Colegio Nacional de Abogados Penalistas AC
Gilberto Farías edificó y le dio un rostro al Colegio Nacional de Abogados Penalistas.
Los reconocimientos deben ser entre pares, quién mejor que ellos entre sí que se conocen a la perfección.
Jorge Reyes Peralta, presidente @CONAPMexico (2017-2019)
Siempre es grato y fácil escribir acerca de un querido amigo, y más si ese amigo es un líder. Gilberto Farías era uno (requiescat in pace). Edificó y le dio un rostro al Colegio Nacional de Abogados Penalistas. Recibió los cimientos que dejó el primer presidente Jorge Reyes Peralta y sobre ellos empezó a construir una red de abogados penalistas nacionales e internacionales de España, Colombia, Perú, Chile, Argentina y Puerto Rico, por citar algunos, para plantear a los políticos las reformas penales necesarias y modernas que se están incorporando al derecho penal.
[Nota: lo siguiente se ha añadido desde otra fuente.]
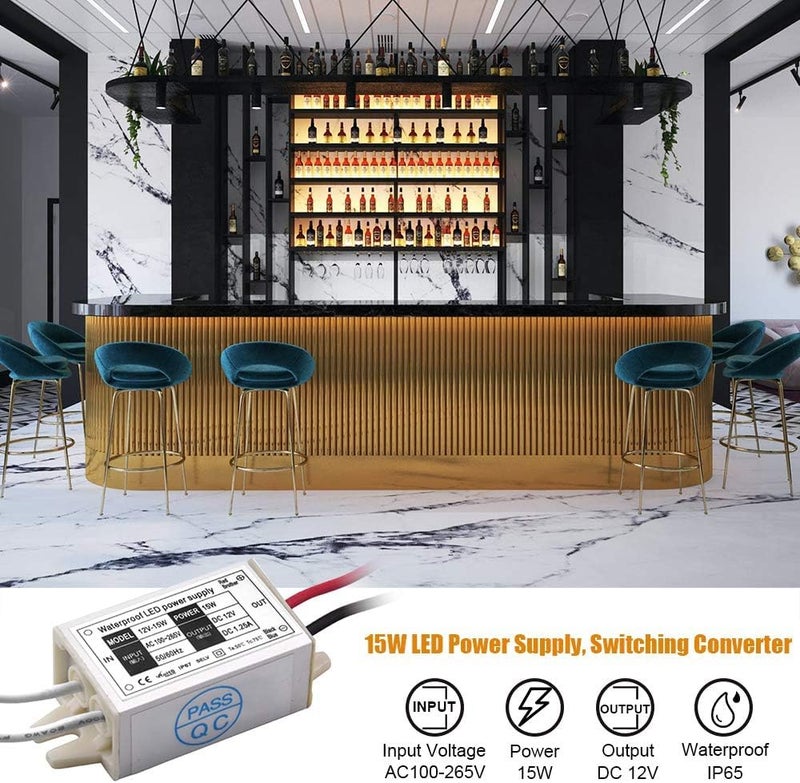 Klarlight 15W DC 12V Waterproof IP67 LED Driver Transformer, 110V AC to 12V DC Converter for Outdoor LED Lights (Pack of 2) - Image 3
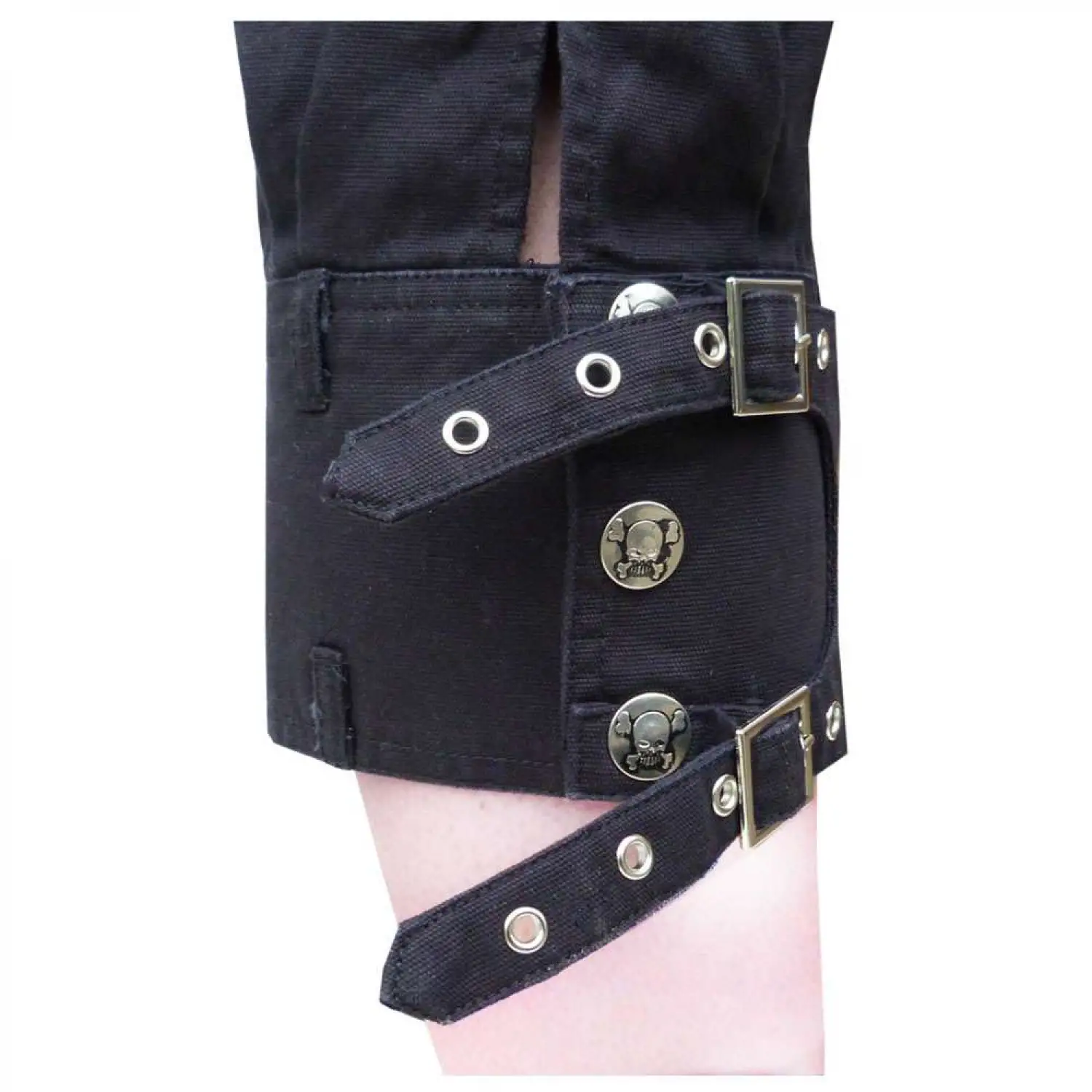 Black gothic unisex shorts with cargo pockets and D-ring straps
Estos eran sus temas prioritarios: Código penal único, el procedimiento abreviado, una campaña a nivel nacional sobre la inaplicación de la prisión preventiva oficiosa, sustentación plena constitucionalmente de la prisión preventiva justificada como medida cautelar para impedir que la libertad del imputado implique un riesgo para la procuración y administración de justicia; de la mano con visitas a las universidades con escuelas o facultades de derecho.
La prueba científica, la psicología del testimonio, los metaperitajes, el proyecto inocencia, las ciencias forenses y la crisis por la que actualmente atraviesan sus metodologías, el cumplimiento normativo conocido como compliance como esquema de regulación, gestión y supervisión para asegurar que las organizaciones cumplan con sus actividades ajustándose a las leyes y la normatividad ética aplicables; la responsabilidad penal de las personas jurídicas.
Los estándares de prueba, el razonamiento probatorio, el análisis de los más de tres mil casos de presos veracruzanos que podrían —por las nuevas sentencias de la corte interamericana de derechos humanos contra México, y los criterios del poder judicial federal— obtener su libertad, al cambiarles la medida cautelar de prisión preventiva oficiosa; o por que algunos ya tienen más de dos años en prisión, procesados.
Para ello tuvo dos aliados en el Senado, Ricardo Monreal Ávila y José Manuel del Río Virgen, que compartían con el maestro Farías ese nuevo proyecto de justicia para México.
Ahora corresponderá al joven y talentoso vicepresidente Jorge Reyes Leo, dar seguimiento a estos temas y, a otros más para dar altura de miras que consoliden el sistema de justicia penal en México.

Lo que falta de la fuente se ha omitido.